Outils Kidpower pour s’exprimer plutôt que de parler dans le dos des gens

2 personnes parlent dans le dos d'une troisième

Le manque d’intégrité dans la communication peut entraîner des déchirements et un énorme gaspillage d’énergie dans les familles, les organisations, les écoles, les entreprises et les communautés. Trop de relations importantes sont endommagées et détruites simplement parce que les parties concernées se sont plaintes aux autres au lieu d’oser se parler directement ou d’en parler à quelqu’un qui avait le pouvoir de les aider.  C’est pourquoi il est important de prendre le temps de réfléchir à la manière dont nous communiquons ainsi qu’à ce que nous voulons accomplir.
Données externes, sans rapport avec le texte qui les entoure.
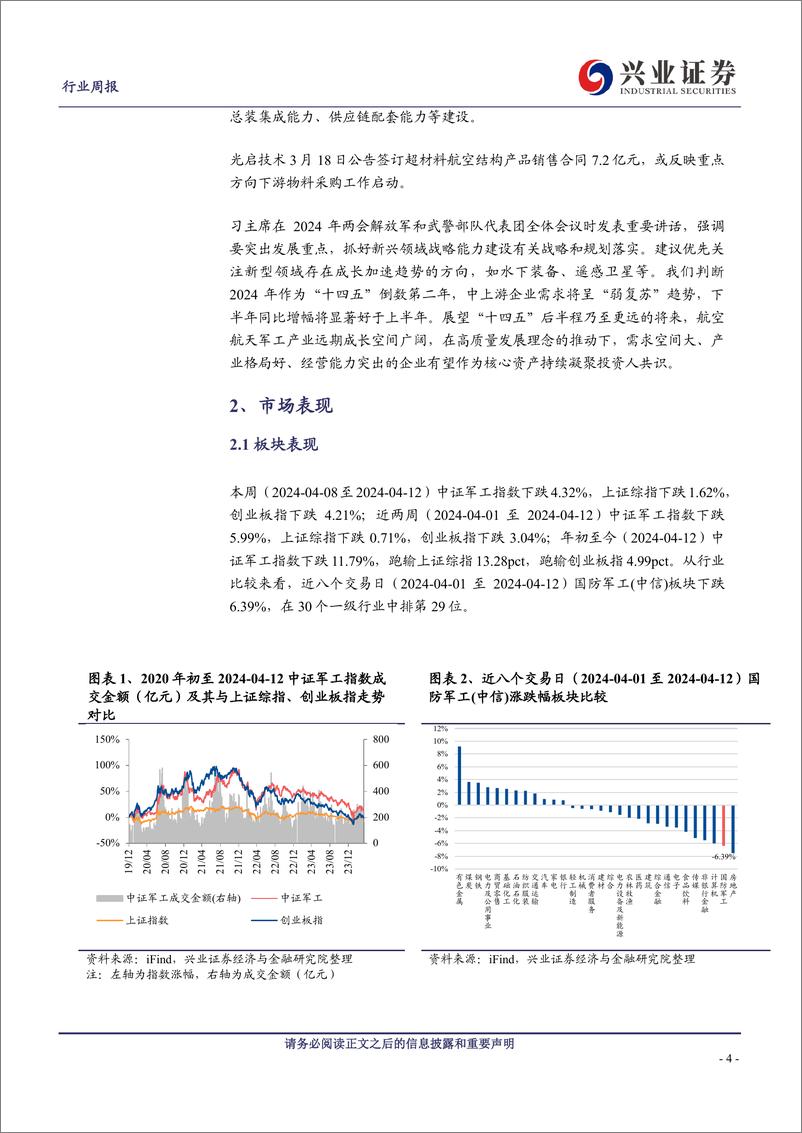 《军工行业观察：中上游需求逐季向好，聚焦新兴领域战略能力-240415-兴业证券-19页》 - 第4页预览图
Maintenir l’intégrité dans la communication est un engagement facile à prendre en théorie, mais difficile à tenir dans la vie réelle. De nombreux aspects de la culture sociale dans laquelle nous vivons n’encouragent pas l’honnêteté, la communication directe et respectueuse, ni d’aller chercher de l’aide pour résoudre les problèmes, la tolérance des différences ou l’action proactive qui répondrait aux préoccupations.

Notre culture sociale élargie nous apprend souvent à blâmer plutôt qu’à chercher des solutions gagnant-gagnant et tend à définir le feedback comme une attaque plutôt que comme un cadeau. Nos sociétés encouragent souvent les jugements négatifs sur les intentions plutôt que d’utiliser des observations objectives du comportement qui, lorsque des limites ou des attentes claires sont définies, peut généralement être modifié.
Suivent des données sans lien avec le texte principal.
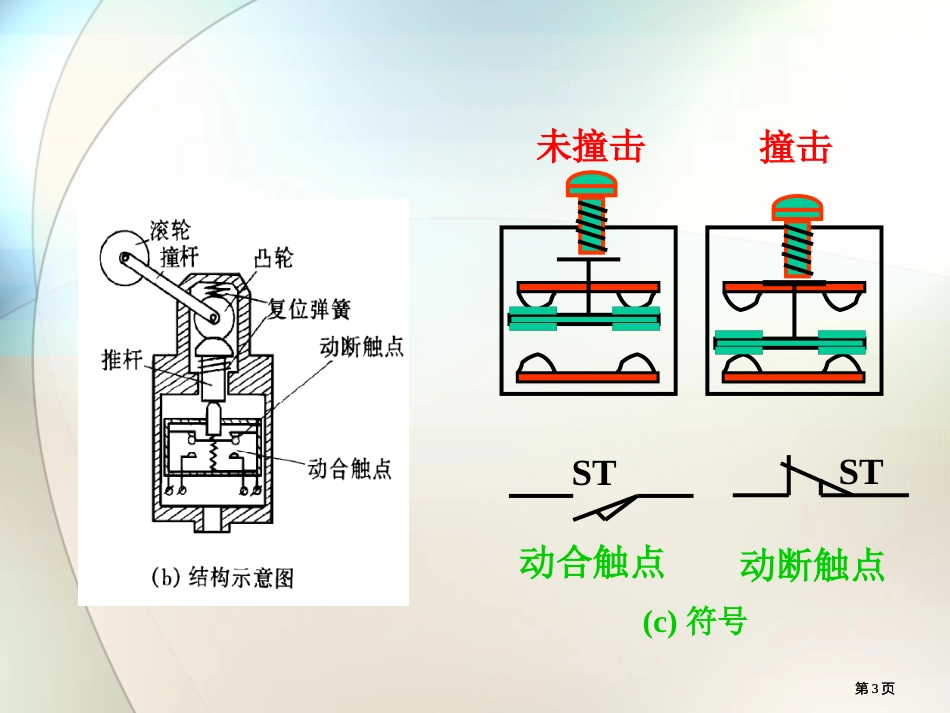 电机行程控制教学公开课一等奖优质课大赛微课获奖课件_第3页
De nombreuses sociétés définissent la “différence” comme étant, au mieux, agaçante ou, au pire, carrément malfaisante et néfaste. Pourtant, comme un goût qui s’acquiert avec le temps, quelques-unes des personnes extraordinaires que je connais ont nécessité, de ma part, du temps pour apprendre à les apprécier. Souvent, le meilleur chemin pour surmonter ce qui nous dérange dans les différences de l’autre est d’en parler très directement, d’une manière à la fois respectueuse et honnête. De même, dans toute relation, brève ou longue, les besoins et les attentes divergents doivent être reconnus afin de trouver des solutions mutuellement acceptables. 

La plupart d’entre nous ont grandi avec des modèles de personnes qui, plus souvent, se plaignent des autres plutôt que d’expliquer directement quels sont les problèmes ou, si elles ne savaient pas comment le faire dans le respect, d’obtenir de l’aide et plus de  perspective afin de résoudre ces problèmes dans le futur.

Faire quelque chose de différent de notre culture générale veut dire que nous nageons à contre-courant et que nous tirons contre la gravité. Cela veut dire que nous devons travailler fort en tant qu’individus et en tant qu’équipe pour trouver des moyens de créer et de maintenir une culture positive et saine au sein, par exemple, de Kidpower et des autres groupes qui sont importants pour nous.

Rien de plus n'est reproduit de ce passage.